Back in 1992, my boss at Florida Public Radio gave me a choice: I could focus my coverage on our earlier-than-usual legislative session on the lawmakers' task of drawing the new political boundaries in the state for both the legislative and congressional districts, or I could cover the state budget. I absolutely detest "number stories", and I have always enjoyed maps, so I thought this was a pretty easy pick. Now, I suffer from Post Traumatic Stress Disorder from witnessing what was the worst-of-the-worst of the legislative sausage making process!
That 1992 session was the beginning of the turn that Florida has taken toward having a public that is mostly registered Democrats and yet has a state legislature that is disproportionately Republican. How, oh how, did this happen? Easy. Republicans made an unholy alliance with African-American and Hispanic lawmakers who argued for more minority-majority districts. This led to “bleaching” many parts of the state. Blacks, who usually vote for Democrats, were being lumped together through the craziest configurations to create districts that would “guarantee” the election of an African-American. It also meant that there were lots of very white and Republican areas now concentrated and able to elect several knuckle-dragging neo-cons to the state legislature. The session was marked by accusations and name-calling: "uppity Spics" and labeling the white male Democratic leadership of the House of Representatives "Pharaoh". (This from now Democratic Congresswoman Corrine Brown who proclaimed, "Peter and Peter: let my people GO!")
The most telling comment I heard during the debate was when then-State Rep. Betty Holzendorf was whining outside the federal courthouse in Tallahassee, “I just care about MY district.” Clearly, for the members of the state legislature, this wasn’t about you and me: it was about them keeping their seat and cherry-picking who would be the most likely people to vote for them.

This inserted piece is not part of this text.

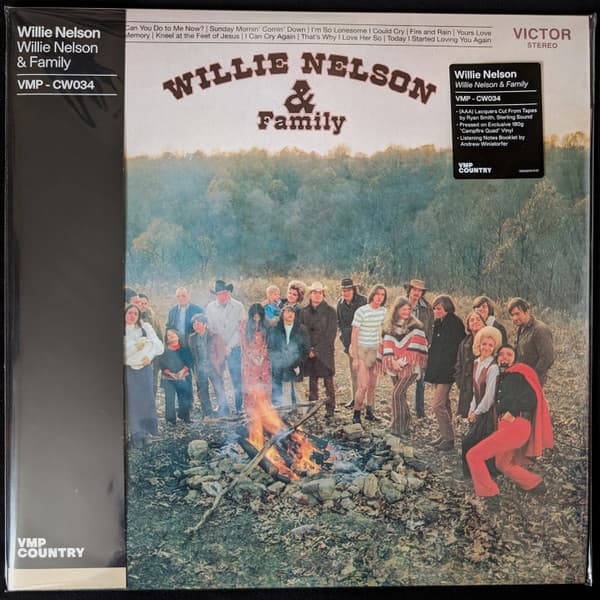 NELSON,WILLIE - COUNTRY MUSIC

Amendments Five and Six take up the clarion call of many public interest groups that have long advocated that legislative and congressional districts should try to keep communities together in compact and contiguous districts. What that means is that we shouldn't be drawing district lines along highways so that we can pick up a neighborhood of African Americans living in a county and put them in a district with African Americans who live in a county over 150 miles away in the wrong-headed thought that, somehow, this will yield an African-American candidate. It might do that, but it's been shown over and over that white voters WILL cast ballots for black candidates; hence it makes more sense to keep communities in tact and thus allow places like Tallahassee to have stronger representation.
For people who are LGBT, this is an extremely important issue. We are not a protected class; even though people have the ability to pinpoint neighborhoods, most of us don't live in a gay ghetto. But we are one group of citizens who have suffered from the skewed lines that have elected a majority Republican legislature. The GOP-controlled chambers have squashed almost every pro-gay bill that has been proposed in the past fifteen years. The anti-bullying bill could be seen as the exception; however, that legislation did NOT specifically offer protection to students being harassed for their sexual orientation and gender identity. Why? Because the Republicans wouldn't allow that in the bill. And while I do not accept that Democrats will pass lots of gay-friendly legislation, they aren't as nasty as the neo-cons in their speech about gays. And, as I have expressed over and over, words DO matter.
The state legislators have shown that they are incapable of doing this important work of drawing district lines that are fair to the population. It's time to clip their wings by putting some stricter rules in place. Vote Yes on Five and Six.